■ **Materials provided**
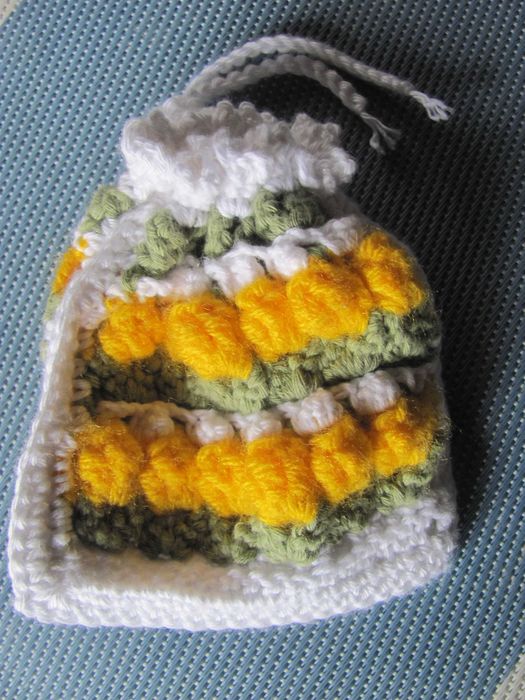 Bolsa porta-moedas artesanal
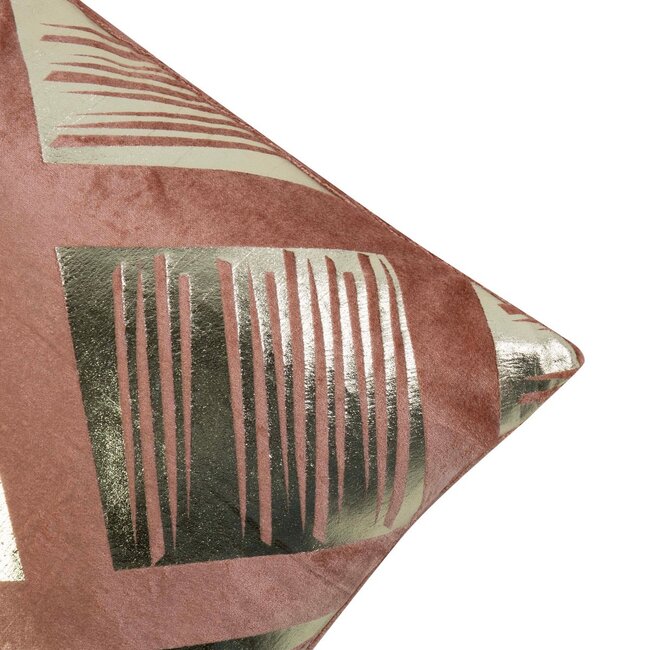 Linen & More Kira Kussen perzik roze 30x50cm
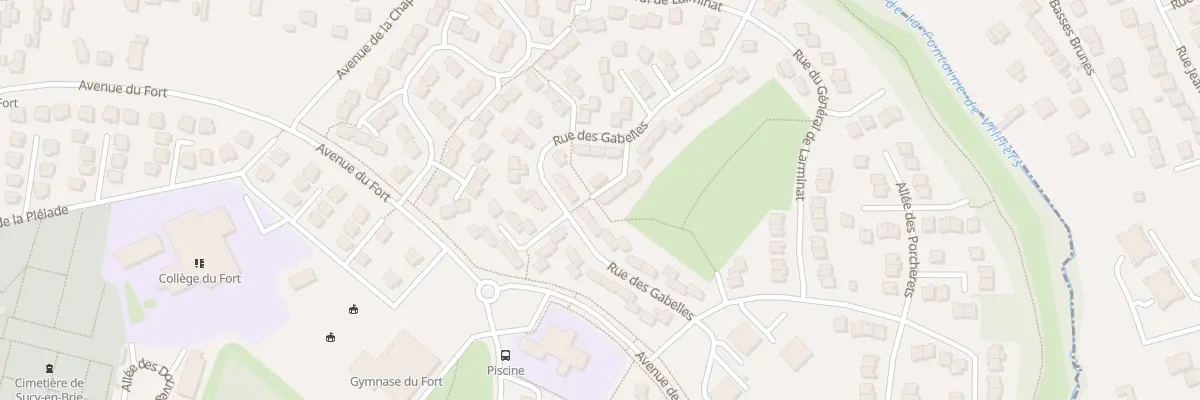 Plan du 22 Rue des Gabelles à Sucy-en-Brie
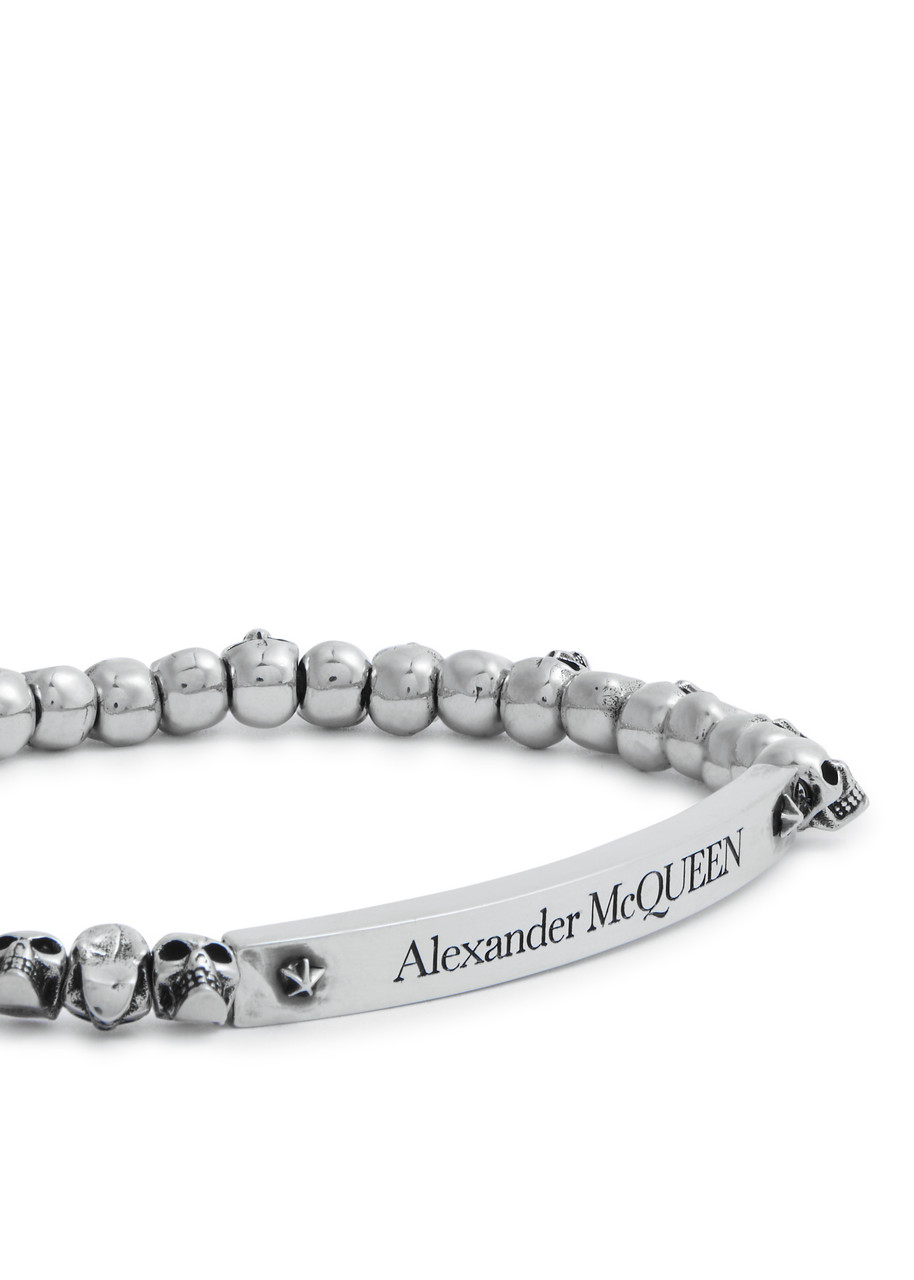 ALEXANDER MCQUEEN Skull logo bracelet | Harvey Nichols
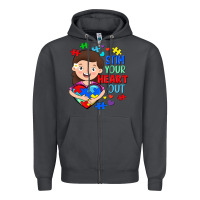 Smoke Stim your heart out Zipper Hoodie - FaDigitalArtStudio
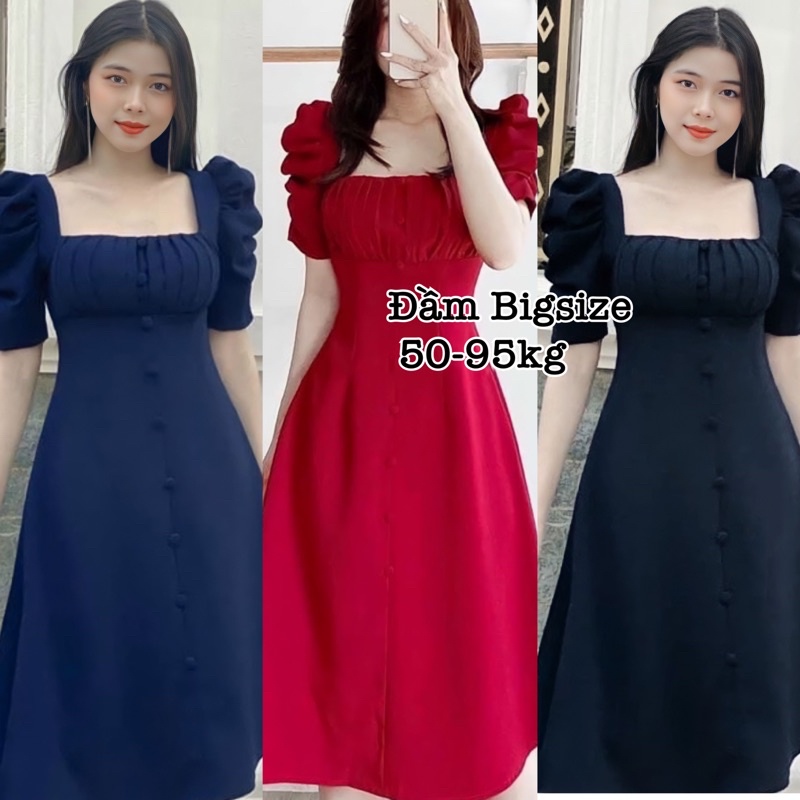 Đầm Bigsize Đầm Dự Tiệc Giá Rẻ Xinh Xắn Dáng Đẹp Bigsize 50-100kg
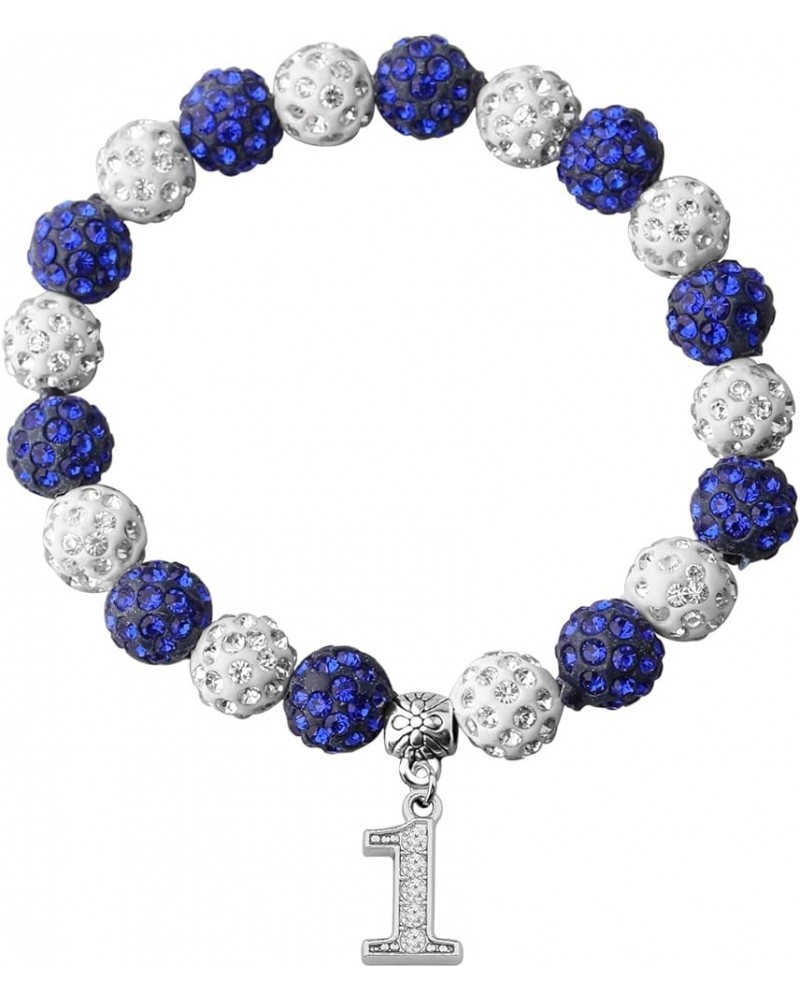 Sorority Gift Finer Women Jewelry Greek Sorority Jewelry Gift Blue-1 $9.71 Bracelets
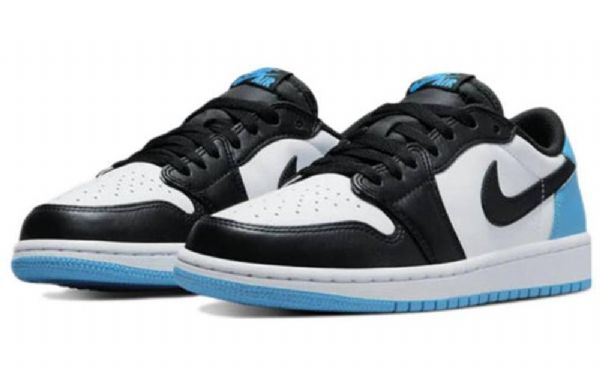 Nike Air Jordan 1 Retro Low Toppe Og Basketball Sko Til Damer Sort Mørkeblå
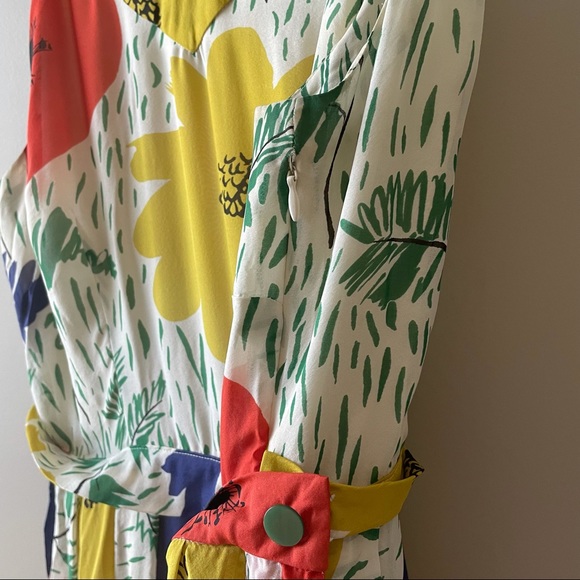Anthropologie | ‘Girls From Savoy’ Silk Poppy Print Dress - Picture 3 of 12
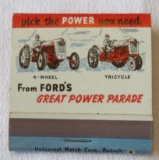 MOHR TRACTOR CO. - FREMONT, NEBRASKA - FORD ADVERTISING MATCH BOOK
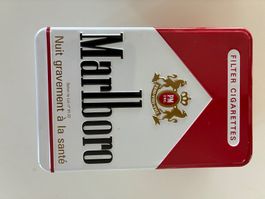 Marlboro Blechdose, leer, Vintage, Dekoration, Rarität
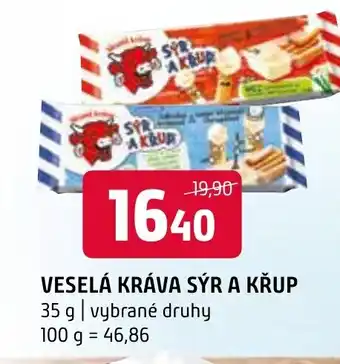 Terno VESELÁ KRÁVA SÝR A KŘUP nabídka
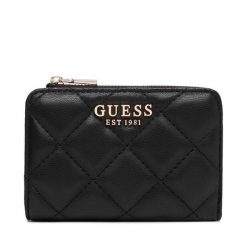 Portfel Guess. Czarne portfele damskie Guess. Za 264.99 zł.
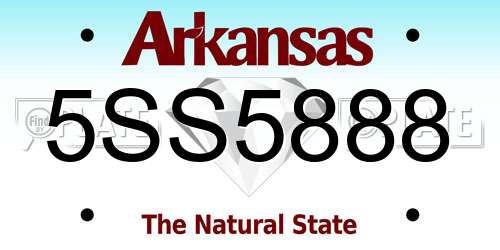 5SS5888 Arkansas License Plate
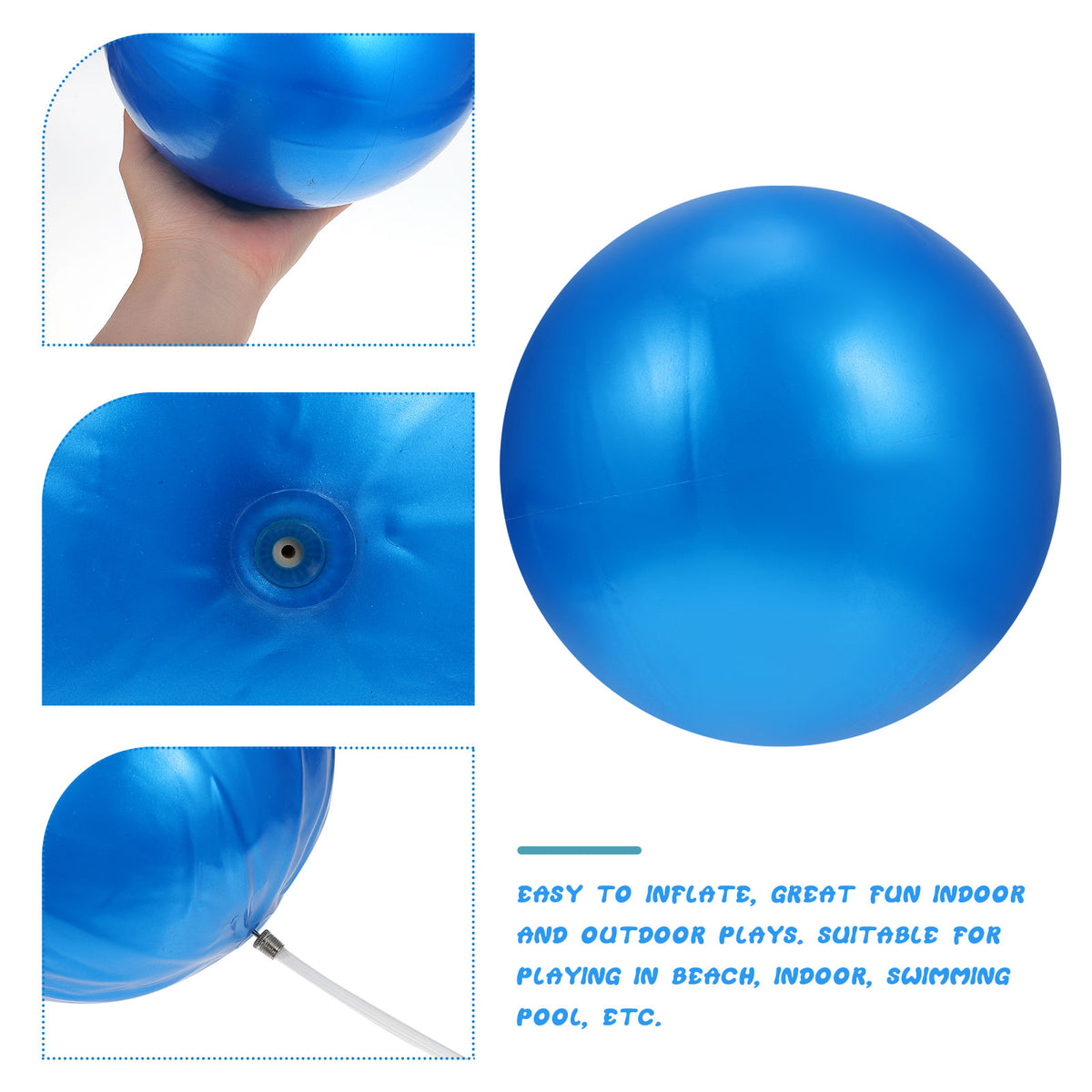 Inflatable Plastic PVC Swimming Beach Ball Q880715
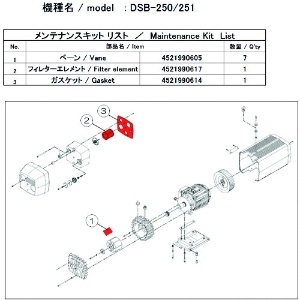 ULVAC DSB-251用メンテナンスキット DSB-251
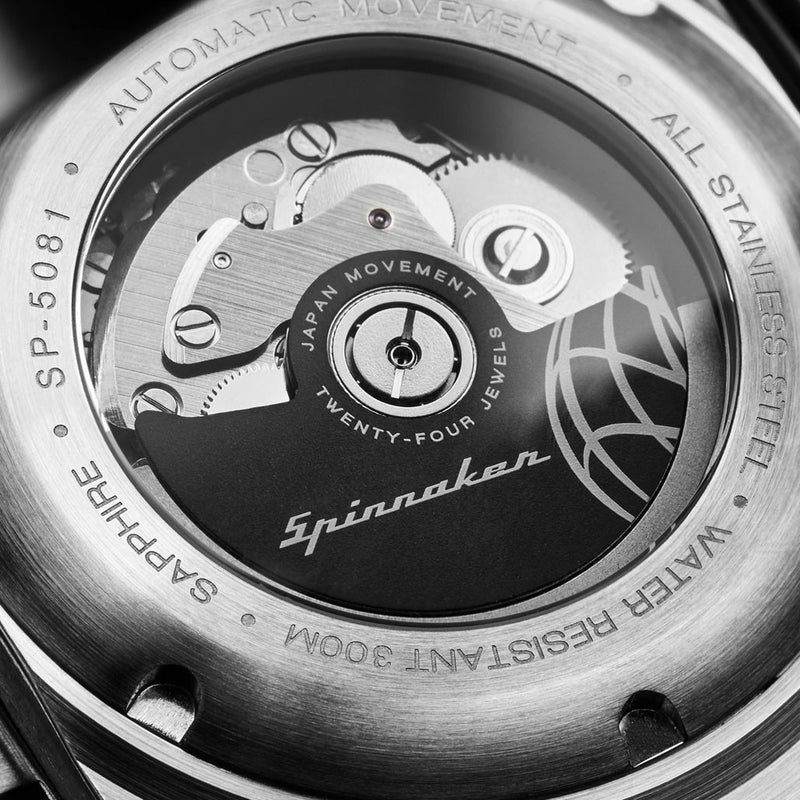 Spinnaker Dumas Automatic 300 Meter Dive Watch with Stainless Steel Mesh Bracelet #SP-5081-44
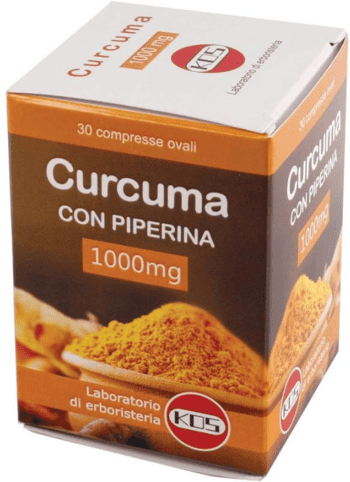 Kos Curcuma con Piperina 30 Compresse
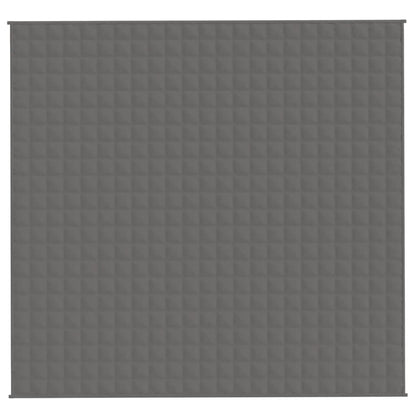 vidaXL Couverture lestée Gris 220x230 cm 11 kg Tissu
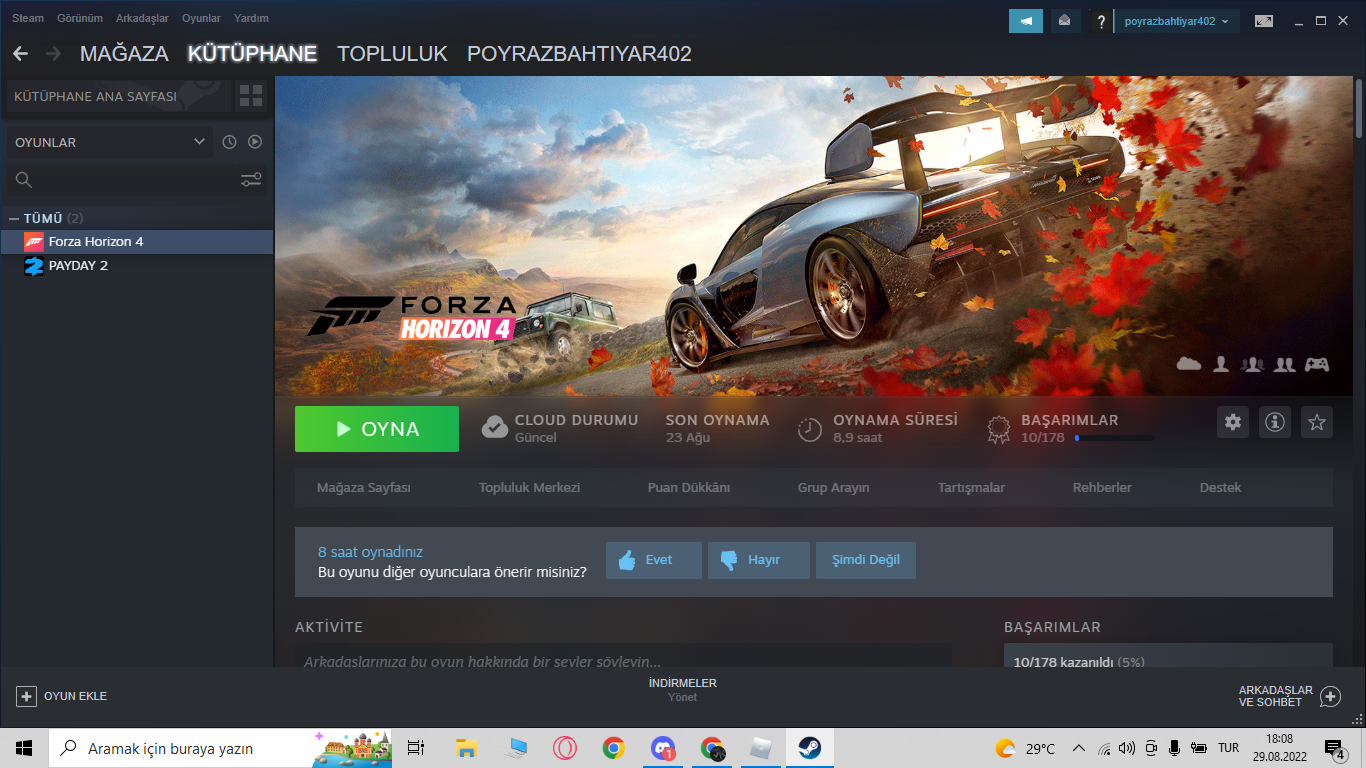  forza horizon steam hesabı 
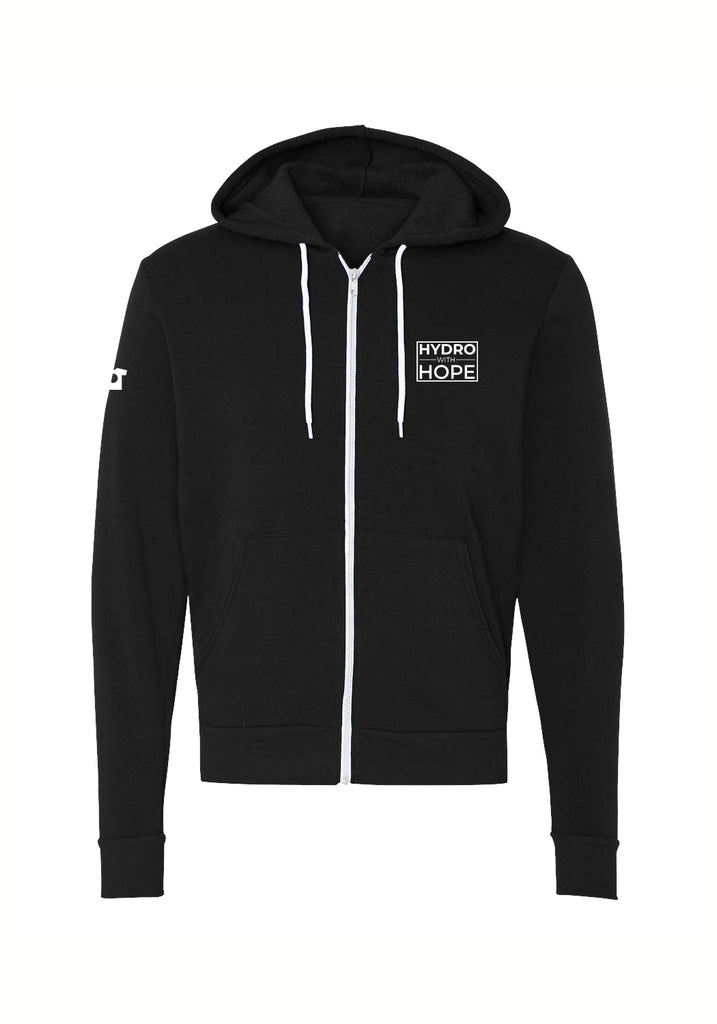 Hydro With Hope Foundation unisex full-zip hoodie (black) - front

■ **How to complete this task**
Using the records above, repeat exactly the run of lines that starts with the line with "Linen & More Kira Kussen perzik roze 30x50cm" and goes on through the line with "ULVAC DSB-251用メンテナンスキット DSB-251"; omit each picture.

■ **Exercise output**
 Linen & More Kira Kussen perzik roze 30x50cm
 Plan du 22 Rue des Gabelles à Sucy-en-Brie
 ALEXANDER MCQUEEN Skull logo bracelet | Harvey Nichols
 Smoke Stim your heart out Zipper Hoodie - FaDigitalArtStudio
 Đầm Bigsize Đầm Dự Tiệc Giá Rẻ Xinh Xắn Dáng Đẹp Bigsize 50-100kg
 Sorority Gift Finer Women Jewelry Greek Sorority Jewelry Gift Blue-1 $9.71 Bracelets
 Nike Air Jordan 1 Retro Low Toppe Og Basketball Sko Til Damer Sort Mørkeblå
Anthropologie | ‘Girls From Savoy’ Silk Poppy Print Dress - Picture 3 of 12
 MOHR TRACTOR CO. - FREMONT, NEBRASKA - FORD ADVERTISING MATCH BOOK
 Marlboro Blechdose, leer, Vintage, Dekoration, Rarität
 Terno VESELÁ KRÁVA SÝR A KŘUP nabídka
 Portfel Guess. Czarne portfele damskie Guess. Za 264.99 zł.
 5SS5888 Arkansas License Plate
 Inflatable Plastic PVC Swimming Beach Ball Q880715
 ULVAC DSB-251用メンテナンスキット DSB-251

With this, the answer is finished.